- [TASK DESCRIPTION]:
The expected result is an exact copy of the lines from the one holding "Then from the" to the last line of the material, with pictures removed and nothing added.
*** Opening of MATERIAL PROVIDED ***
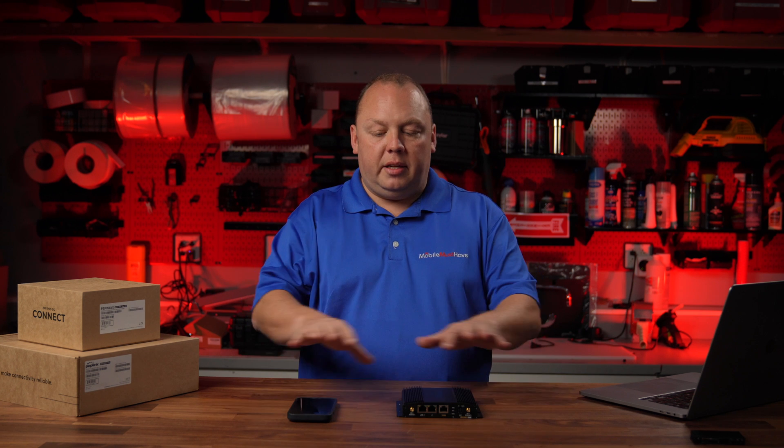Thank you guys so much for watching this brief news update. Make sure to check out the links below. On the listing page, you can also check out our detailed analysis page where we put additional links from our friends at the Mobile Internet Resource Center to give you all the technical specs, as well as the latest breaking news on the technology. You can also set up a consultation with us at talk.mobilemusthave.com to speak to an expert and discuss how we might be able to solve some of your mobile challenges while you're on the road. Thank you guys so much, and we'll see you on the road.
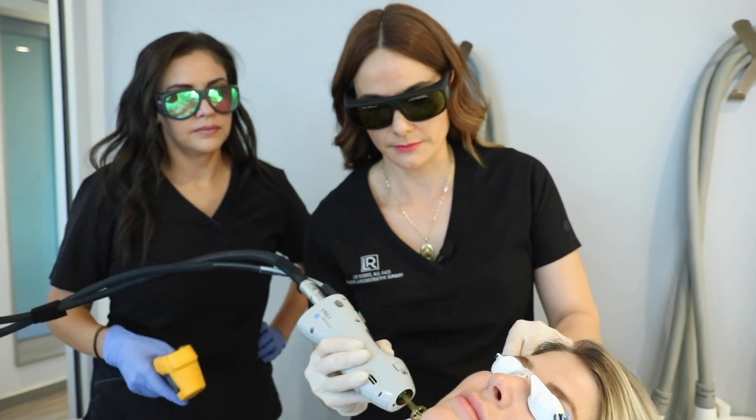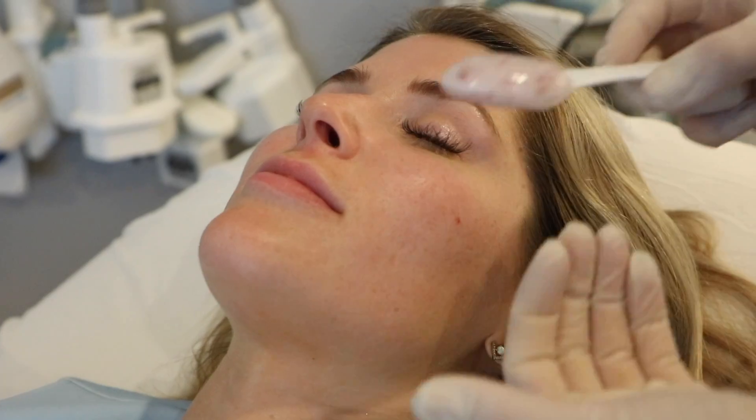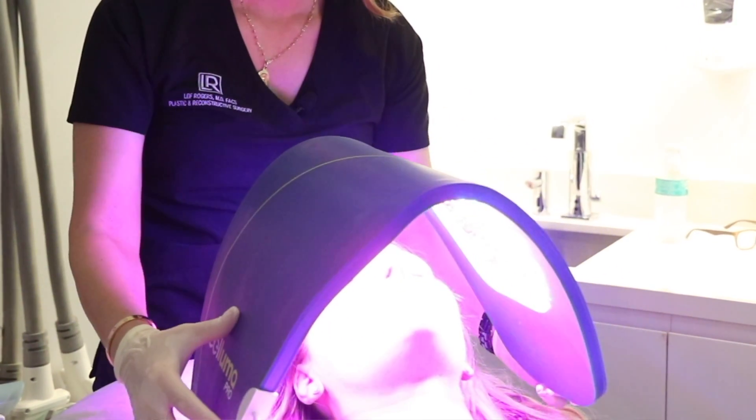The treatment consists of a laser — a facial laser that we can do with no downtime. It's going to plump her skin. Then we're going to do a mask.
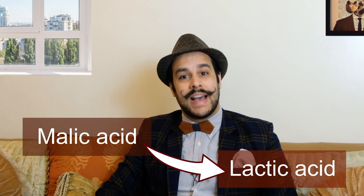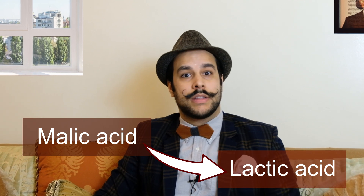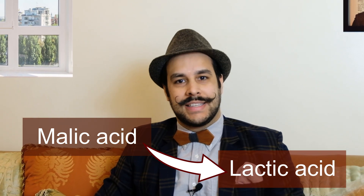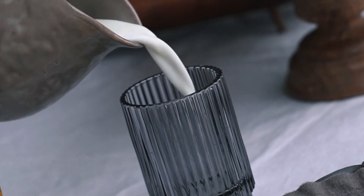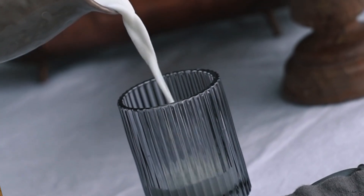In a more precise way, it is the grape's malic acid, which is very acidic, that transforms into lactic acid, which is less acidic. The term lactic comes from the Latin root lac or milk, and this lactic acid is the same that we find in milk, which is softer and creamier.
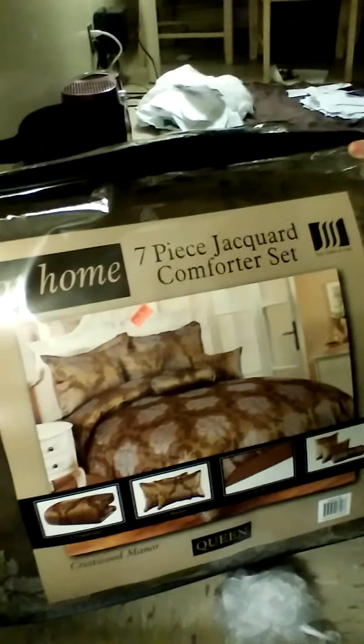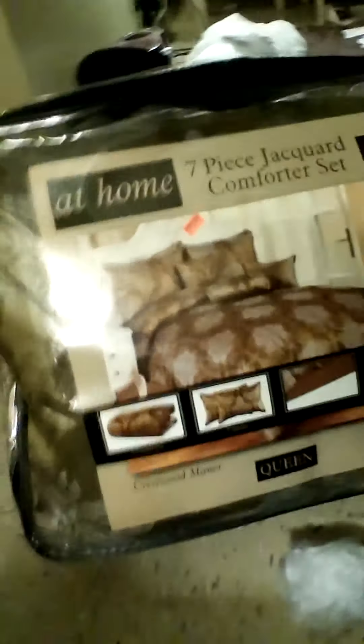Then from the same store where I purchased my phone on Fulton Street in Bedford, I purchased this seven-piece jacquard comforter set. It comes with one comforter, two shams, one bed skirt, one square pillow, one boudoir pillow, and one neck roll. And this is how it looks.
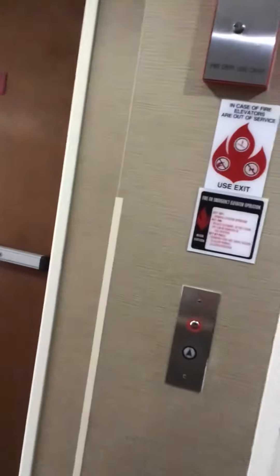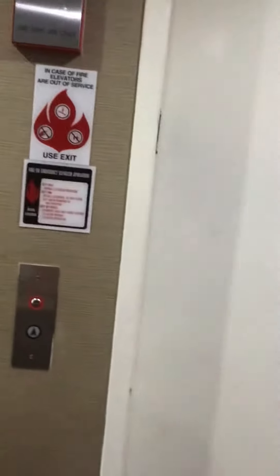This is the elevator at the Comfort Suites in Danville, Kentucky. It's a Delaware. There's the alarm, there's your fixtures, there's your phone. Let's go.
*** Close of MATERIAL PROVIDED ***
- [RESPONSE AREA]:
Then from the same store where I purchased my phone on Fulton Street in Bedford, I purchased this seven-piece jacquard comforter set. It comes with one comforter, two shams, one bed skirt, one square pillow, one boudoir pillow, and one neck roll. And this is how it looks.
This is the elevator at the Comfort Suites in Danville, Kentucky. It's a Delaware. There's the alarm, there's your fixtures, there's your phone. Let's go.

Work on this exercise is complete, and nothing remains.